When it comes to canned tomatoes, I used to buy whatever the recipe dictated. I figured the only difference between, say, crushed or diced was the size of the pieces — but I did what I was told, as to not mess up the dish. Then one day I had a recipe that called for both whole and diced. Without questioning I diligently bought both, opened them up, and was shocked by how pale and watery the diced tomatoes were in comparison to the whole. Same brand, different preparation. Clearly, it wasn't just the size of the pieces that were different.
I don't know anyone who has ever worked in an industrial tomato processing plant, so I can't say for a fact that only the premium tomatoes get canned whole, while the inferior fruits and trimmings get processed into everything else. I do, however, have my own anecdotal evidence. Plus, many other home cooks agree, and even the processors must admit that there's a grading system. And that's not the only reason why, for me, whole is the only way to go.
Why I Only Buy Whole Canned Tomatoes
1. It gives you more options.
A can of whole tomatoes can be turned into anything else — diced, crushed, puréed, sauced. So if you have a pantry of whole tomatoes, you're good to go. On the other hand, you can't make diced tomatoes whole again.
2. You can pick between juice or purée.
Whole tomatoes come packed in juice or purée, giving me two versatile flavor options. If want a bright, fresh tomato flavor, I'll pick juice-packed. If I want a richer, deeper flavor, I go for the ones packed in purée.
3. They cook down better.
Diced tomatoes have calcium chloride added, which helps tomatoes retain their shape, even during cooking.
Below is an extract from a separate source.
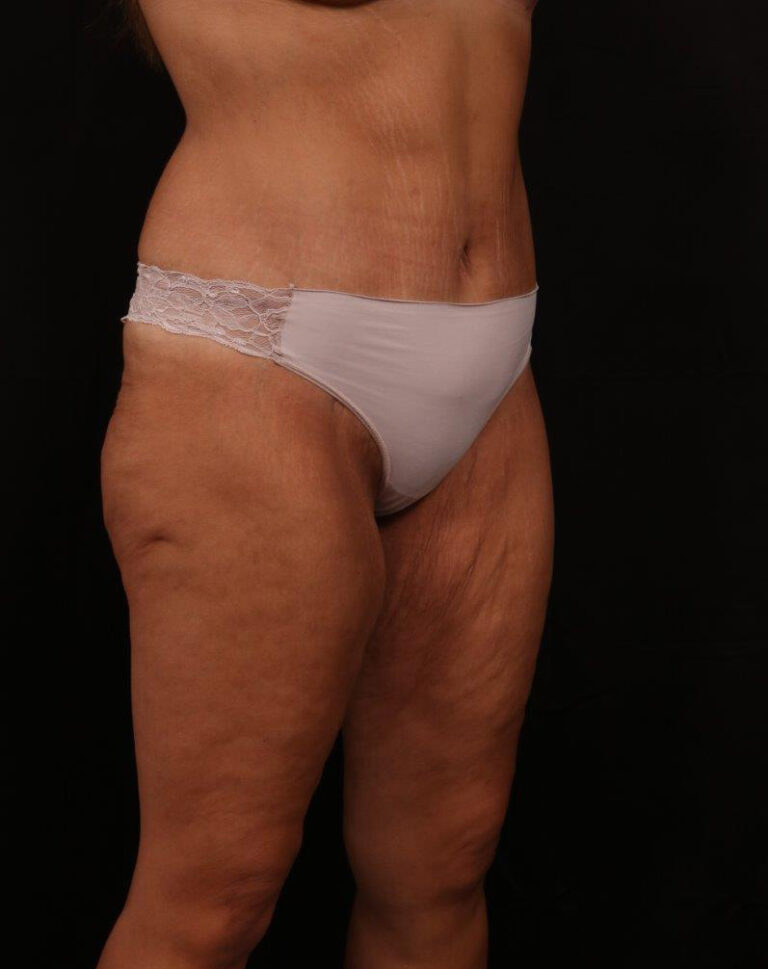 After Image: Tummy Tuck - right-front-oblique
Maybe that's a boon to some cooks, but I'm just not a fan of big chunks of canned tomatoes in my dishes. For what it's worth, most American-grown canned whole tomatoes have calcium chloride too. If you want to avoid it, like I do, look for an Italian import.
4. I always know what I'm going to get.
Crushed tomatoes are unpredictable. With some brands they're crushed almost to a purée, while other brands might still have big chunks. Whole tomatoes are just that — whole.
5. I can season them myself.
Canned tomato sauce (not pasta sauce) and stewed tomatoes have too many other things added — herbs, spices, sugar — to make them truly versatile. I'd rather purée my whole tomatoes and season them the way I like.